─── DATA RECORDS ───

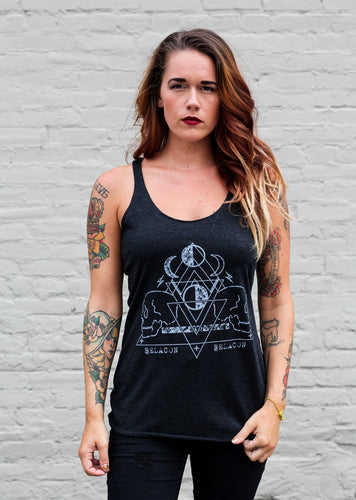 tattooed woman wearing black tank top with skull graphic design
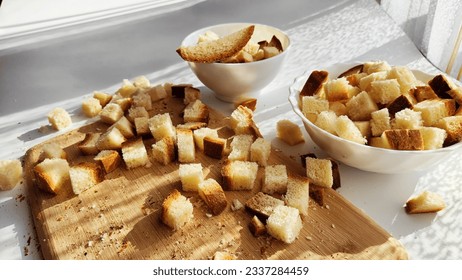 Homemade slices of diced dry white rye bread on cutting board and white plate. Crackers for food, healthy eating on table in sunny day. Top view - Powered by Shutterstock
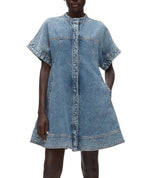 A person wearing the 3.1 Phillip Lim Trapeze Light Denim Dress, a short-sleeve design with visible seams, a chic trapeze silhouette, and a front zipper closure.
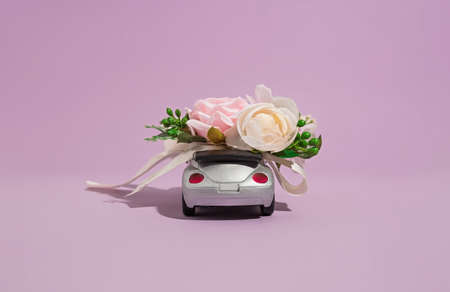Silver convertible small car model with flowers on a purple background. The concept of delivery of flowers and gifts for the holiday and celebrationの写真素材
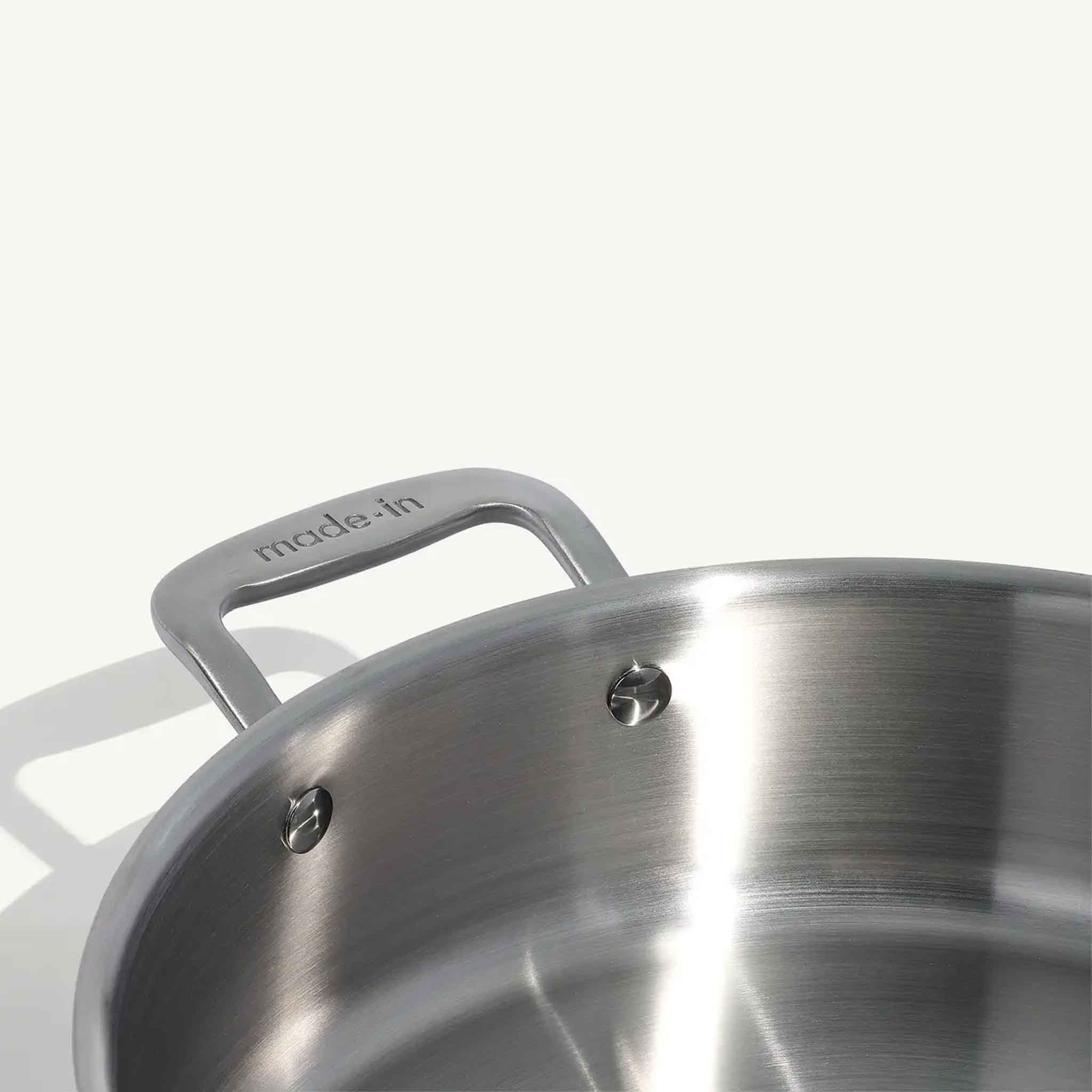 Close up of Made In Stainless Clad 6 qt. Rondeau with Lid on a beige background at Addison West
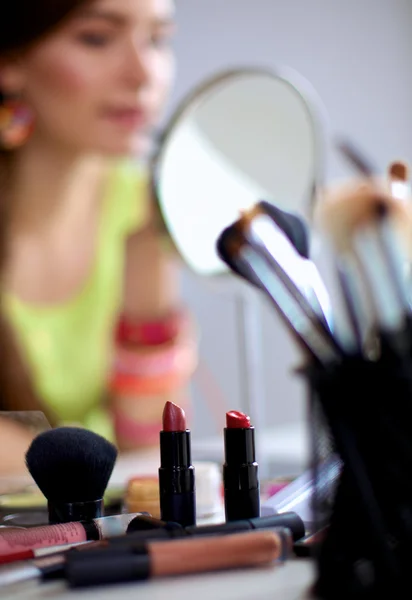 Jonge mooie vrouw maken make-up in de buurt van spiegel, zitten aan de balie — Stockfoto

───

| EXERCISE INSTRUCTIONS |
Leave out the pictures; repeat the data exactly.

| RESULT |
 tattooed woman wearing black tank top with skull graphic design
 Homemade slices of diced dry white rye bread on cutting board and white plate. Crackers for food, healthy eating on table in sunny day. Top view - Powered by Shutterstock
 A person wearing the 3.1 Phillip Lim Trapeze Light Denim Dress, a short-sleeve design with visible seams, a chic trapeze silhouette, and a front zipper closure.
Silver convertible small car model with flowers on a purple background. The concept of delivery of flowers and gifts for the holiday and celebrationの写真素材
 Close up of Made In Stainless Clad 6 qt. Rondeau with Lid on a beige background at Addison West
 Jonge mooie vrouw maken make-up in de buurt van spiegel, zitten aan de balie — Stockfoto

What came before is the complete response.